Guangzhou's streets have two types of beggars operating - those who suffer from physical or mental handicaps and the healthy.
Among the healthy beggars are minority women from other provinces such as Guangxi or Hunan. Hordes of dirt-faced children dressed in rags who look like characters from a Dickens novel accompany these women. Like modern-day Fagans leading a band of juvenile thieves, these women command absolute control over the children who do the begging.
In the past several months, the numbers of beggars with small children has increased. They usually loiter near the Garden Hotel or Teem Plaza where children, aged between 3 and 12, tug at a pedestrian's jacket asking for money. These children usually will not give up their pursuit until either they are given money or are chased off. According to national laws, beggars cannot be forced to leave the streets or stay in shelters. Most of these Fagan-like women prefer begging because they can make more money than they can in any government-run welfare institution.
'I don't go there because they don't give you anything to eat there,' said a Guiyang woman with four small children while begging for money on the overpass near the Garden Hotel.
Most locals have no sympathy for these women. 'They're not that poor,' said a waitress from the Elephant and Castle Bar on Huanshi Road. 'If we call security to chase them away, they'll just run around the corner and return later.'
Newspapers and internet sites report that many of Guangzhou's beggars own mobile phones and have daytime jobs. Some local papers report that beggars can make 20 to 200 yuan a night.
The local Civil Affairs Bureau is discussing a plan to designate 'No Begging' areas but no decisions has been made.

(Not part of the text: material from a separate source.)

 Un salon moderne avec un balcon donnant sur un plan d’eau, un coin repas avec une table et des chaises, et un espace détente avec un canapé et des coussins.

Aside from shopping areas, beggars are often seen near government buildings or police stations. During trade fairs, beggars from nearby provinces and cities flock to Guangzhou to camp outside the event site, usually near the China Hotel.
Tourist sites are also popular places such as the temple on Liu Rong Road. On one occasion a local reportedly counted 25 beggars about 100 metres from the temple. The group included healthy and handicapped beggars. Two of the 25 beggars were using small children to solicit money from people. Beggars along Guangzhou's main thoroughfares is an eyesore and nuisance for pedestrians and tourists alike. So far, the city only carries out a clampdown when a large numbers of foreigners visit.
This social problem will not disappear quickly and stiffer penalties are either required or better living alternatives implemented before Guangzhou's street people consider changing their lifestyle. Meanwhile, the city runs the risk of becoming a haven for vagabonds.